Armani torna a fare il giovane "Così mi sento una rockstar"

Re Giorgio disegna una collezione Emporio ispirata alla Generazione Y: alla fine è standing ovation. D&G immaginano i cowboy all’europea

Armani torna a fare il giovane 
"Così mi sento una rockstar"

Milano - Il marketing delle emozioni è qualcosa che avvolge e coinvolge, la capacità di raccontare storie che si riverberano positivamente su aziende e persone. Nessuno conosce questa materia come Giorgio Armani e Dolce&Gabbana in passerella ieri a Milano Moda Uomo rispettivamente con le sfilate Emporio e D&G per l’estate 2010.

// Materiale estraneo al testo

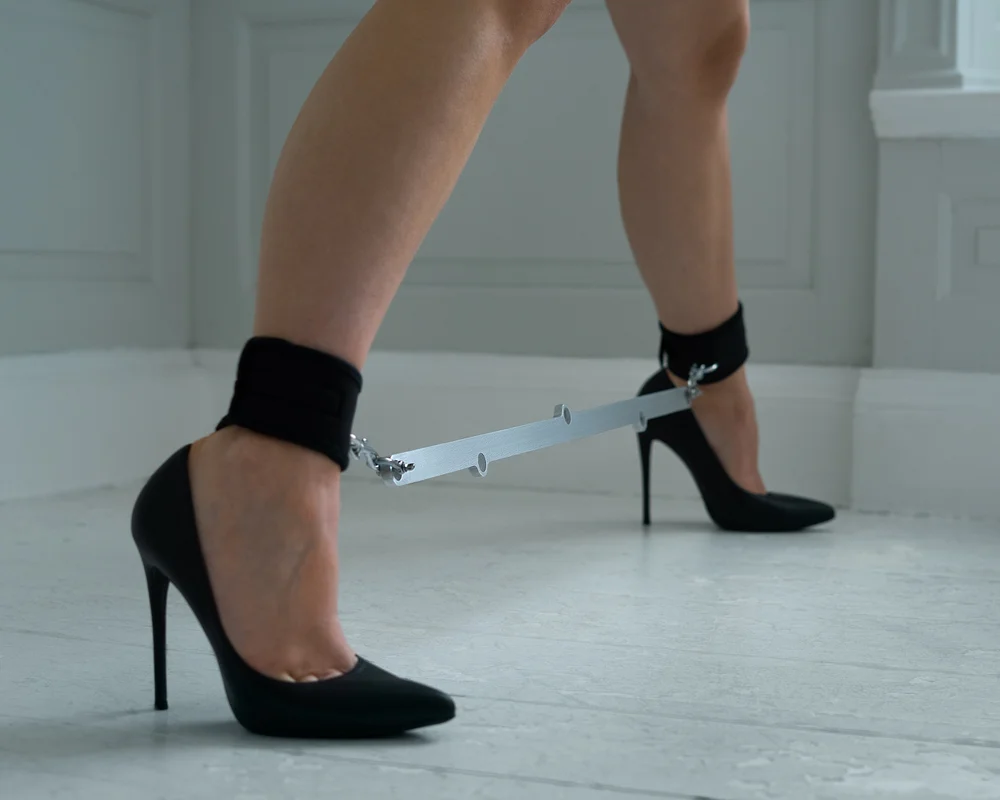 How To Use Adult Spreader Bar Accessories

Il più famoso dei nostri stilisti ha costruito una collezione semplicemente perfetta partendo dalla cosiddetta «generazione Y», ovvero quei giovani tra 18 e 25 anni sempre connessi, quindi informatissimi, aggrappati alla rete intesa come web ma anche a cellulari e iPod. Individualisti, amanti del bello in tutte le sue forme, decisi ma di fondo timidi quando devono muoversi in un mondo che non è virtuale, questi «figli del disincanto» (come li definiscono i sociologi nell’omonimo saggio pubblicato da Bruno Mondadori) resteranno incantati da capi come il blazer-kimono o il pantalone tagliato in alto come un sarong e sotto dritto, affusolato, corto per mostrare la caviglia, nuovo punto di seduzione maschile.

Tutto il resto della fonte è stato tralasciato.